2) We have a three year old.

The three year old is very into drawing and coloring and writing and reading these days. She owns many beautiful sets of Melissa and Doug crayons, has stacks of paper and coloring books, and loves to sit down and use them.

The 18 month old smells this need. She senses it. She waits for it.

We took most of the crayons away from Reagan's reach. We put them in preschool style boxes that Reagan, in theory, can't open. We have set in Madison's room and a set in the kitchen. Madison knows that these are her big girl crayons. She is to use them appropriately and put them away when she's done.

She does.

But Reagan is sneaky. She is the swiper of crayons.

I still can't figure out if Madison is helping, or if Reagan is that good, but Reagan always seems to slip a crayon or two away. And once she's got one, she manages to keep it quiet from me until I let my guard down.  Then I turn around to find the carpet, the ottoman, the walls, turned into Reagan's gallery.

We even had a crayon go through the dryer, which you veteran parents know is the worst thing to discover in a load of clothes. I'm not sure if the crayon was put into the hamper, or if it found its way in while the girls were helping with the laundry, but green crayon on clothes is the worst.

So how did I combat?

Shockingly, not the way I thought I would. Oxiclean and the Magic Eraser both failed me. The clothes looked no different at all after a soak, and the Magic Eraser didn't even come close to removing the color.

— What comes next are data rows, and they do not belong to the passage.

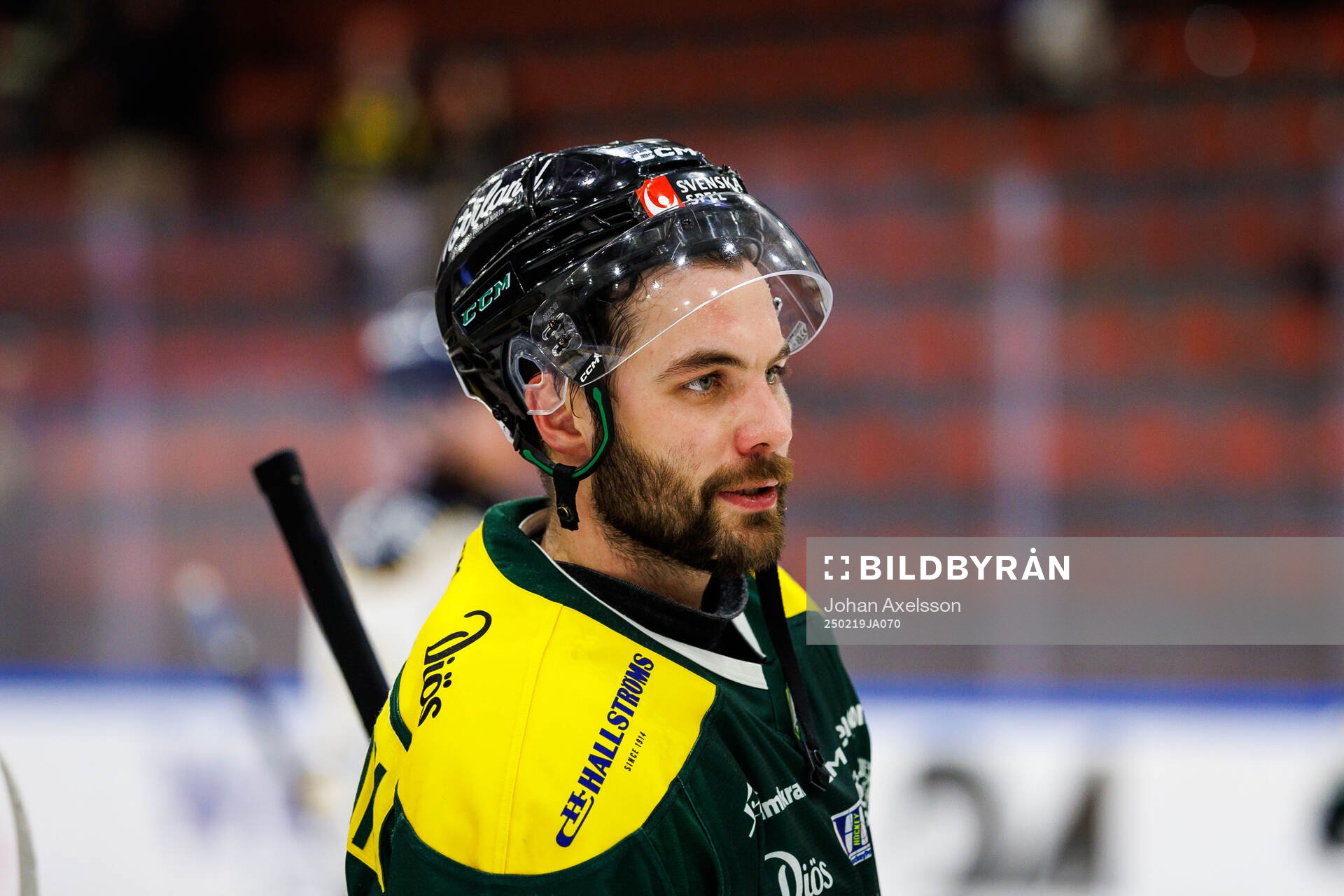 Östersunds Carl Skärström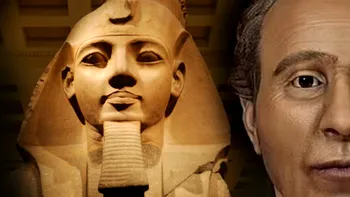Cum arăta în realitate cel mai puternic faraon al Egiptului: chipul lui Ramses al II-lea a fost reconstruit de oamenii de știință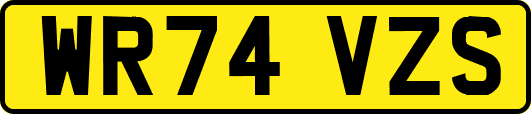 WR74VZS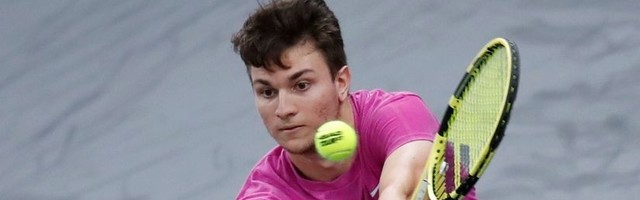 Kecmanovićev rolerkoster do četvrtfinala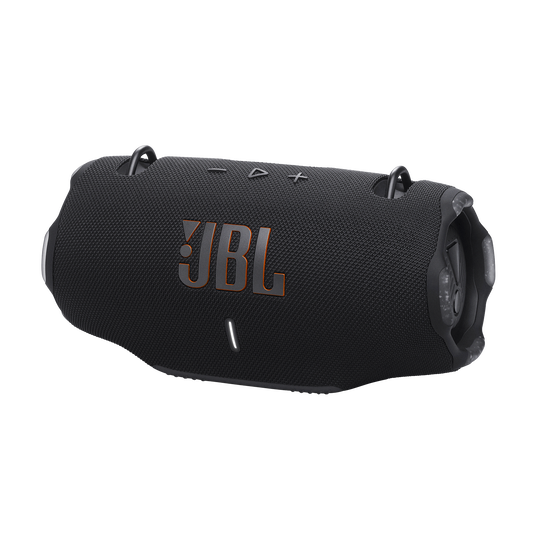 JBL Xtreme 4 - Black 3 - Portable waterproof speaker - Detailshot 4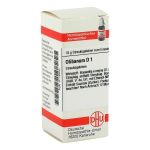 OLIBANUM D 1 Globuli (PZN 116300) из Германии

If you are ever in this situation, here are my remedies.

Goof Off.

Magic for the walls and the table. Originally I used it along with the Magic Eraser, but it actually slowed me down. I used an old burp cloth, though a washcloth or dust rag would work as well. Spray and wipe, with a little elbow grease for the tough spots.

Spot Shot.

I have made excellent use of this product - both on carpets and upholstery. Saturate, then blot up with a white cloth. The old cloth diaper/burp cloths worked for me. Once I got the bulk of it out, I sprayed again and scrubbed with a brush.

As for the clothes...well, I tried it all. Started with what I had on hand. Borax, Oxiclean, Shout, Resolve.

Then I found this solution on the site Diary of a Doctor's Wife.

1) Put the clothes in the washer, and set the water to hot.  Hot as can be. She actually suggested adding a pot of boiling water.
2) Add your laundry detergent (whatever you have), a 1/2 cup of vinegar, and 4-6 Tbs. of dish liquid (I used the magical blue Dawn).
3) Let the clothes soak for 10-15 minutes.
4) Let the wash run normal.

I had a few people tell me I'm really lucky that adding Dawn to the washer didn't cause a flood. It's the vinegar that prevents that. Vinegar cuts the bubbles. Definitely don't use dishwashing liquid in the washing machine unless you're adding vinegar too.

This got most of it. I ran it again and it got even more.

I was left with a few pieces. T-shirts, pjs, underwear, I called "good enough" and moved on. But I had two pairs of shorts that fit really well, and I wasn't ready to give them up, and Adam had two white golf shirts and a pair of white plaid golf shorts where the green was still pretty noticeable.

I tried LA's Totally Awesome, which I found at the Dollar Tree. I used a full bottle at full strength and soaked the clothes before repeating the first method. Stains lightened, but still there.

I am a stubborn, stubborn girl. I scoured the internet. (By the way, I just kept these particular pieces of clothing stain treated and waiting in the laundry closet. They went in with every load and were pulled out before that load went in the dryer).

WD40 - soak and scrub. Better...

Soft Scrub - scrub. Better...

Finally, it was Goof Off that did the trick. Honestly, if you really look, you'll see faint, faint green marks on the the shorts and one of the shorts. These are thin, moisture wicking, Nike, high tech sports fabric, so I have a feeling that had something to do with it.

Moral of the story? Keep crayons away from young toddlers. And be very suspicious when they get quiet.

And keep your cleaning closet well stocked.